Flatten

The flatten family of functions aim to “reduce one level” of a object: if you have a dictionary where some values are also dictionaries, we “peel” this inner dictionary and spread it among the original dictionary. This is specially useful when parsing the output of a rest API and transforming it into a dataframe.

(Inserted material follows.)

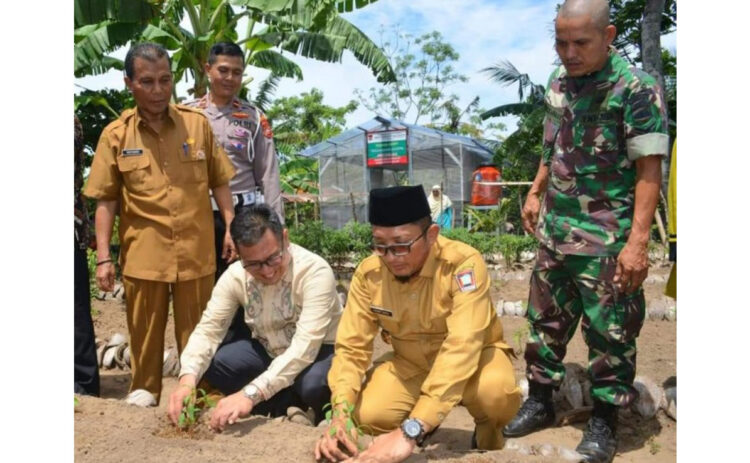 TAMBAHAN PUPUK— Wako Padang Hendri Septa saat melakukan gerakan menanam cabai, beberapa waktu lalu. Saat ini Kementan akan memberikan tambahan alokasi pupuk bersubsudi untuk petani di Kota Padang.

Dictionaries and inner dictionaries

Consider the following nested dictionary describing a vehicle:

using TidierIteration

d1 = Dict(
    "id" => 1
    ,"model" => "Kadettão"
    ,"year" => 1998
    ,"details" => Dict(
        "plate_number" => "XXX1234"
        ,"chassi" => 999
        ,"location" => Dict(
            "country" => "Brasil"
            ,"state" => "São Paulo"
            )
        )
    )
Dict{String, Any} with 4 entries:
  "details" => Dict{String, Any}("plate_number"=>"XXX1234", "location"=>Dict("c…
  "model"   => "Kadettão"
  "year"    => 1998
  "id"      => 1

We can flat the inner dictionaries as follows:

d1
flatten(d1, n = 1)
Dict{String, Any} with 6 entries:
  "model"                => "Kadettão"
  "year"                 => 1998
  "id"                   => 1
  "details_chassi"       => 999
  "details_plate_number" => "XXX1234"
  "details_location"     => Dict("country"=>"Brasil", "state"=>"São Paulo")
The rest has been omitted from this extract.